I know that the Foreign Secretary must have time to reply, and I therefore content myself with just one more minute. It is terribly important that when this country is virtually going to war the House of Commons should be united. The Prime Minister has a great personal responsibility in this matter. He does not want a divided House. We do not want a divided House, and I will tell the Prime Minister how he can avoid it.

In view of what I have just said in relation to the speech by Mr. Cabot Lodge and in relation to what the State Department has said, if the Foreign Secretary can say on behalf of the Prime Minister and the Government that they will not take this military action until the Security Council has fully discussed the matter and come to a decision, the Prime Minister can avoid a vote on this matter tonight.

If we are compelled to vote tonight, it is because we are against the use of military force outside the Charter of the United Nations and whilst the Security Council is at the moment discussing the problem. I therefore beg and urge the Prime Minister not to divide the House. He can lose nothing by postponing this decision for forty-eight hours, by which time the Security Council will have made its decision. I plead with him to do it. The Foreign Secretary has the opportunity to do that now, to keep this country united, and not have a declaration of war—because that is what this ultimatum will mean—with half of this House and half the country against the action proposed to be taken.

9.40 p.m.

The Secretary of State for Foreign Affairs (Mr. Selwyn Lloyd)

There has been some complaint today from the Opposition benches about the Government's failure to consult the Opposition before taking action. The facts are that the moment the Prime Minister had finished his discussions with the French Ministers he at once spoke to the leaders of the Opposition. Really, this idea that the Government of the day can take action only after prior agreement with the Opposition—

Mr. Gaitskell


Hon. Members

Sit down.

Mr. Gaitskell

First, my right hon. Friend the Member for Llanelly (Mr. J. Griffiths) and I saw the Prime Minister at 4.15, a quarter of an hour before the debate, and were given the statement. We appreciated seeing it at least 15 minutes before the debate, but that was not consultation. Secondly, I did not complain about failure on the part of the Government to consult us. I was making it plain that they did not do so, and that they could not expect, in the absence of that consultation and agreement with us, that they would automatically have unity.

Mr. Lloyd

I do not think we have ever suggested there should automatically be unity. We certainly do not want a rubber stamp from the Opposition. We shall do what we believe to be right in the interests of the country, and it is for the Opposition to do what they think is right. All this talk about dividing the House—if the House is divided tonight it will be the responsibility of the Opposition, and I believe that in this serious situation that is something which the country will not forgive.

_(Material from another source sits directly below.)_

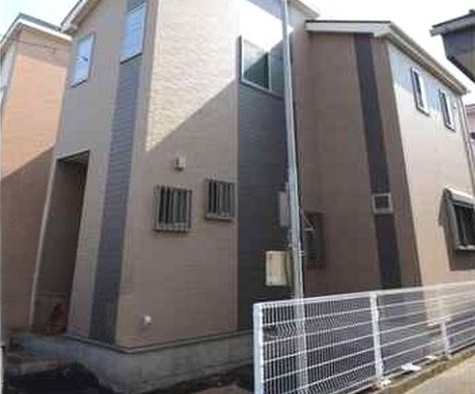 駐車場　敷地内駐車場有り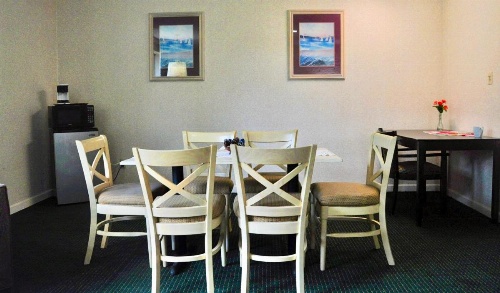 Azalea Inn & Suites image 13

There has been a good deal of talk today about the general situation in the Middle East. After the latest interjections, perhaps I ought not to say what I am going to say, but this situation in the Middle East was, after all, a bequest to us from the Opposition. We did not contrive the ending of the Mandate in the way in which it was ended.

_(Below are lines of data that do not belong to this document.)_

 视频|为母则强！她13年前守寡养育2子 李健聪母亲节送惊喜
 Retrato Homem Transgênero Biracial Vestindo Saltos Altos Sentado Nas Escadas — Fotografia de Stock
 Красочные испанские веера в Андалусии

I thought that the speech of the hon. Member for Reading (Mr. Mikardo) went to the limit of partisanship when he attacked the Prime Minister's speech at the Guildhall. What was it the Prime Minister said then? He said that there should be a compromise—is there something very wicked about that?—between the views of Israel and of the Arab States, a compromise between the 1947 and the 1948 frontiers. Is that a very wicked suggestion to put forward? Quite obviously, if there is ever to be a settlement of the situation between Israel and the Arab States there has got to be some give and take on each side.

We have tried in a difficult period, under much criticism from the Opposition, to keep the ring, certainly over the supply of arms. After we had been abused for four years for not giving Israel enough arms, the hon. Member for Coventry. East (Mr. Crossman) got up one day and said that Israel could wipe the Arab States off the face of the map. We have tried to do the fair thing by each of the countries concerned and to keep the ring and hold the balance, and that is our policy today.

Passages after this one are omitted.